個人情報保護・情報漏洩
医療従事者で、最近患者の個人情報が外部に流出したという事件が起こった。自分たちの不注意が原因となっている可能性があるが、なんとか責任を取らないといけないと思っている。どうすれば良いか相談したい。
医療従事者には患者の個人情報に対する保護及び管理の義務があります。これは個人情報保護法に基づいているため、必ずしも医療関係に限った義務ではありません。それゆえ、個人情報保護法の運用に関する検討会が開催されたこともあり、国民からの信頼を損ねるような個人情報の取り扱いは許されないことになっています。

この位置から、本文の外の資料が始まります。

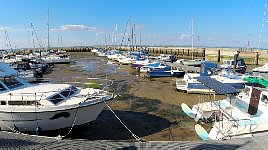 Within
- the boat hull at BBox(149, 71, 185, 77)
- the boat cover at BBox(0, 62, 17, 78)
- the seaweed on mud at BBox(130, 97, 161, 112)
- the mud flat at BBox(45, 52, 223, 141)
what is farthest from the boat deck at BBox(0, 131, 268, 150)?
the boat hull at BBox(149, 71, 185, 77)

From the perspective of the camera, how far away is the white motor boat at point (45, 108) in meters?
13.7

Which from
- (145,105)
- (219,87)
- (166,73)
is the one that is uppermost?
(219,87)

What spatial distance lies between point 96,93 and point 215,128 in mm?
6365

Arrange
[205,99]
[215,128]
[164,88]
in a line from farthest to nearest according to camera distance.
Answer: [164,88]
[205,99]
[215,128]

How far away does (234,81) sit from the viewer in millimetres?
25562

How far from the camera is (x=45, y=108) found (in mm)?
13680

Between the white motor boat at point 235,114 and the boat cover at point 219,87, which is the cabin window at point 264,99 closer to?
the white motor boat at point 235,114

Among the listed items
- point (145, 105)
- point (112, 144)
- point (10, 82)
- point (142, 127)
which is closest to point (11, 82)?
point (10, 82)

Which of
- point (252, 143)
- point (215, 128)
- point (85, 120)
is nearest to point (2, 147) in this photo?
point (85, 120)

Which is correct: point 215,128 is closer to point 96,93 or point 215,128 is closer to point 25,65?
point 96,93

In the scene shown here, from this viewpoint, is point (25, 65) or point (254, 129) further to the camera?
point (25, 65)

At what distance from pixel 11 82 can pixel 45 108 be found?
395cm

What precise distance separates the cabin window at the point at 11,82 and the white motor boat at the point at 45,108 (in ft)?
1.34

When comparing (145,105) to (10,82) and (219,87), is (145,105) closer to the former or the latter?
(219,87) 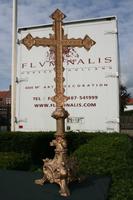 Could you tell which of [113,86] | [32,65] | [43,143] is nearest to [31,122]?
[43,143]

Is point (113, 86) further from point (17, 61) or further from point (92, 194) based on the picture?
point (92, 194)

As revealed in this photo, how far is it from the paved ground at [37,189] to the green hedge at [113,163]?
13.9 inches

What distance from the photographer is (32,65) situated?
12695 mm

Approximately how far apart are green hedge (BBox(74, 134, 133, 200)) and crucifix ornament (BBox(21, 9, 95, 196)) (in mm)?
679

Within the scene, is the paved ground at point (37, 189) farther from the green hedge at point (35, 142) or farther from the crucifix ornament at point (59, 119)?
the green hedge at point (35, 142)

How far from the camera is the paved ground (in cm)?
447

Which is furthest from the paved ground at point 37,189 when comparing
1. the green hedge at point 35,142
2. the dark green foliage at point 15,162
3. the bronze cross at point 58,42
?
the green hedge at point 35,142

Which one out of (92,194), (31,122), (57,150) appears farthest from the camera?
(31,122)

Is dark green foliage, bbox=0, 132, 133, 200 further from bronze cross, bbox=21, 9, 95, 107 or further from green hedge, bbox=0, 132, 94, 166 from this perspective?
bronze cross, bbox=21, 9, 95, 107

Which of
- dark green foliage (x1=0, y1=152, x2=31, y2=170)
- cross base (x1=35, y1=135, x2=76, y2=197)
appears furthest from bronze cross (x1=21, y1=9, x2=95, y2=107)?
dark green foliage (x1=0, y1=152, x2=31, y2=170)

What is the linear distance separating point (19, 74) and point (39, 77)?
0.74 metres

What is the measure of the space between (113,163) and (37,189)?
2.46m

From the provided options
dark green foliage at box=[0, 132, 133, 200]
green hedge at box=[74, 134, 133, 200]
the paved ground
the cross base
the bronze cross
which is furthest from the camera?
dark green foliage at box=[0, 132, 133, 200]

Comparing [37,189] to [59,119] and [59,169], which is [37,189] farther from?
[59,119] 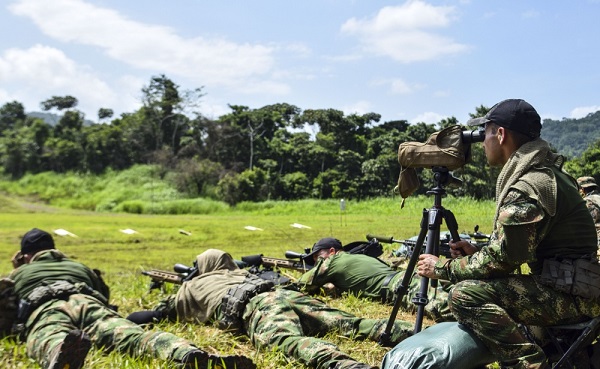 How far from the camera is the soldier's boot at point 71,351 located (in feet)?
10.9

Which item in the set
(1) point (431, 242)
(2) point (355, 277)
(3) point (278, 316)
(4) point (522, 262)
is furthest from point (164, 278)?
(4) point (522, 262)

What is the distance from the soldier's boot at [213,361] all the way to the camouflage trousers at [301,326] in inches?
14.7

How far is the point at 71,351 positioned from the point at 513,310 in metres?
2.46

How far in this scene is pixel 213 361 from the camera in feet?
10.2

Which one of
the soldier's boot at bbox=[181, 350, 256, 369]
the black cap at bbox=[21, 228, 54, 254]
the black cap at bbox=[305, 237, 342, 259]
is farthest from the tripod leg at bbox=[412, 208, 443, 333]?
the black cap at bbox=[21, 228, 54, 254]

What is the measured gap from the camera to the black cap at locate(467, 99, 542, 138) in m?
2.55

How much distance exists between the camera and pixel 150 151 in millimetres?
36750

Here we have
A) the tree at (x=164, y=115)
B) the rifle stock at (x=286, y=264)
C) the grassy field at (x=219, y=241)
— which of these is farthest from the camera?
the tree at (x=164, y=115)

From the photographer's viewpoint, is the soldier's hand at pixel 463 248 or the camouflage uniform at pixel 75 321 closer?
the soldier's hand at pixel 463 248

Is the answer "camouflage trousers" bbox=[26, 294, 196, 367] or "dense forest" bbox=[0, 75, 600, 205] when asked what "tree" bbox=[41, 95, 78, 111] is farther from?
"camouflage trousers" bbox=[26, 294, 196, 367]

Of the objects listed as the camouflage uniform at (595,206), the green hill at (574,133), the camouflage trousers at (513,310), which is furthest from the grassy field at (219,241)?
the green hill at (574,133)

医療従事者が個人情報を適切に保護するためには、以下の注意点を心がけることが大切です。
1. 患者への説明: 医療従事者は、個人情報を取得する際に、なぜそのような情報が必要なのかを事前に患者に説明する必要があります。また、患者が提供した個人情報について、どのように扱われるかについても説明することが重要です。
2. 患者の同意: 医療従事者は、個人情報を収集する場合には、患者の明示的な同意を得る必要があります。例えば、氏名や住所、電話番号等の基本的な個人情報の収集には、明示的な同意が必要です。

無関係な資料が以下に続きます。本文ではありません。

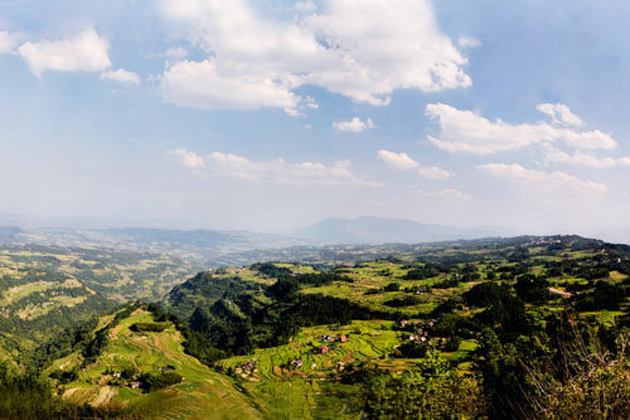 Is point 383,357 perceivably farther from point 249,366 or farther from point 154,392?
point 154,392

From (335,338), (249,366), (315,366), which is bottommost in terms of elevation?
(249,366)

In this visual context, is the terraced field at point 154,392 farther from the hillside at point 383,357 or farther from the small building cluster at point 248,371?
the small building cluster at point 248,371

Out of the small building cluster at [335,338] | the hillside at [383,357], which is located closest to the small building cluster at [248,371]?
the hillside at [383,357]

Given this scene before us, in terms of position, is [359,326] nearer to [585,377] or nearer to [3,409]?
[3,409]

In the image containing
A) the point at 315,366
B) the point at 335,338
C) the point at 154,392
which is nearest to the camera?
the point at 154,392

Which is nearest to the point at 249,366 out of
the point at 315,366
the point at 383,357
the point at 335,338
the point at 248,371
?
the point at 248,371

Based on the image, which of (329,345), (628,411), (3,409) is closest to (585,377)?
(628,411)

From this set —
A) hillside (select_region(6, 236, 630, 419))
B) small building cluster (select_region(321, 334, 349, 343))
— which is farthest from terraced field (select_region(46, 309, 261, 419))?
small building cluster (select_region(321, 334, 349, 343))

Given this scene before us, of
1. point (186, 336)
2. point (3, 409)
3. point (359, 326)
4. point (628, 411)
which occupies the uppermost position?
point (628, 411)

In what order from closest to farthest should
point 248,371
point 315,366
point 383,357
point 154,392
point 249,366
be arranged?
point 154,392 < point 315,366 < point 383,357 < point 248,371 < point 249,366

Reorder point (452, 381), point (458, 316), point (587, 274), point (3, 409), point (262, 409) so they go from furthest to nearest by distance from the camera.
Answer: point (587, 274) < point (458, 316) < point (262, 409) < point (3, 409) < point (452, 381)

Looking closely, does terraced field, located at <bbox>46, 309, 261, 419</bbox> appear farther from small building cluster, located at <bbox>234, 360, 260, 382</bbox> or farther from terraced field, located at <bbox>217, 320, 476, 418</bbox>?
terraced field, located at <bbox>217, 320, 476, 418</bbox> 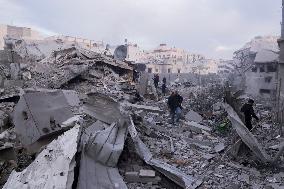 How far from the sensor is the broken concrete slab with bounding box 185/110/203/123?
41.7 ft

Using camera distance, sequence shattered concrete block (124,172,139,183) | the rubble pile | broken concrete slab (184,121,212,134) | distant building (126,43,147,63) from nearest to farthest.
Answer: the rubble pile → shattered concrete block (124,172,139,183) → broken concrete slab (184,121,212,134) → distant building (126,43,147,63)

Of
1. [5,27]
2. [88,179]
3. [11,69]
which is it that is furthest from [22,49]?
[5,27]

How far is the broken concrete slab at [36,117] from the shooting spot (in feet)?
21.3

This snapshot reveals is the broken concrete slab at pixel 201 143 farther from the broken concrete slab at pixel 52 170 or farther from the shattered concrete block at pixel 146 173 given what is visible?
the broken concrete slab at pixel 52 170

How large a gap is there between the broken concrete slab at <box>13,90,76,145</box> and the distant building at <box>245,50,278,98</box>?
1939 cm

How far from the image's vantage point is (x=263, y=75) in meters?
24.7

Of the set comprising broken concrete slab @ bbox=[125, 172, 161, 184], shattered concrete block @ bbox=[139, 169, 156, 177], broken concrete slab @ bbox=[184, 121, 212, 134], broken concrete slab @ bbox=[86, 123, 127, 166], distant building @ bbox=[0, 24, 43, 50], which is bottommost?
broken concrete slab @ bbox=[125, 172, 161, 184]

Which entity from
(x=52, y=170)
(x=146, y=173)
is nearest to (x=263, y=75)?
(x=146, y=173)

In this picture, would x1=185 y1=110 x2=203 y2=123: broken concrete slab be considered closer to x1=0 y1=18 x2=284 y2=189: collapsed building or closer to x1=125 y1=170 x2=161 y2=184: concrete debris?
x1=0 y1=18 x2=284 y2=189: collapsed building

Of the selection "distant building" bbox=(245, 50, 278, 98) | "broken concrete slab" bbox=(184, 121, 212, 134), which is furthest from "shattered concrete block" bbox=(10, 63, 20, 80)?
"distant building" bbox=(245, 50, 278, 98)

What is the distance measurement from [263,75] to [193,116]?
45.2 feet

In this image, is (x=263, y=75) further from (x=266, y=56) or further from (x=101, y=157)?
(x=101, y=157)

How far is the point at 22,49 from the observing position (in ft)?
76.7

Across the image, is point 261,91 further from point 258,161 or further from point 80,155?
point 80,155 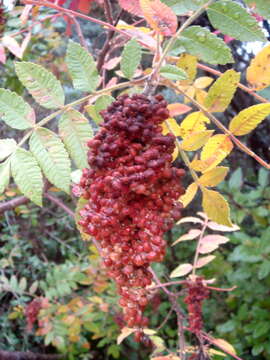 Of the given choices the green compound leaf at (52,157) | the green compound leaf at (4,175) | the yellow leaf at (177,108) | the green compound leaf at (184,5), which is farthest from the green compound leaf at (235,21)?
the yellow leaf at (177,108)

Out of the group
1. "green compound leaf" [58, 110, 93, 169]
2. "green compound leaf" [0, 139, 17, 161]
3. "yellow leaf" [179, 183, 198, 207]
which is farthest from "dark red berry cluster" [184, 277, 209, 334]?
"green compound leaf" [0, 139, 17, 161]

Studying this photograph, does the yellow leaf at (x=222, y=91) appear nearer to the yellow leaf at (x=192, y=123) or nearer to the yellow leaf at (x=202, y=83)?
the yellow leaf at (x=192, y=123)

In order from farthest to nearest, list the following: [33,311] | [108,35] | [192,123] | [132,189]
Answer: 1. [33,311]
2. [108,35]
3. [192,123]
4. [132,189]

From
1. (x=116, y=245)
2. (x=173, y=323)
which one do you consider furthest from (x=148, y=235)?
(x=173, y=323)

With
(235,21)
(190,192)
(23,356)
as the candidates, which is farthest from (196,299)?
(23,356)

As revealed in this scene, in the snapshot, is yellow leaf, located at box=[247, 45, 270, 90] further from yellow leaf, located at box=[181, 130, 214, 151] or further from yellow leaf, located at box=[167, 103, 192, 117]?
yellow leaf, located at box=[167, 103, 192, 117]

3. 個人情報の取り扱い: 医療従事者は、適切な方法で個人情報を収集・保存することが求められます。例えば、紙媒体での保管の場合には、保管場所を限定するとともに、鍵をかけるなどの厳重な対策が必要です。また、データベースで管理している場合には、アクセス制限やバックアップの実施が必要です。
4. 情報漏洩防止策: 医療従事者は、情報漏洩防止のための対策を講じる必要があります。例えば、指定されたメールアドレス以外にはメールを送信しない、外出時には携帯PCにパスワードを設定するなどの対策が必要です。
以上のように、医療従事者が個人情報を適切に保護するためには、適切な管理体制を構築し、従業員に適切なトレーニングを行う必要があります。
しかし、原因を特定できないなどの理由で、個人情報が外部に流出してしまった場合には、以下の対応が必要です。
1. 漏えいした情報の回収: 漏えいした情報の対象となる患者に対して、漏えいした情報がどのようなものか、どの程度影響があるのかを明確に説明し、回収を行う必要があります。
2. 謝罪と補償: 医療従事者は、漏えいが発生した場合には、患者に対して謝罪をし、適切な補償を行う必要があります。補償の内容は、漏えいが原因で患者が被った被害に応じて、示談や損害賠償等が含まれます。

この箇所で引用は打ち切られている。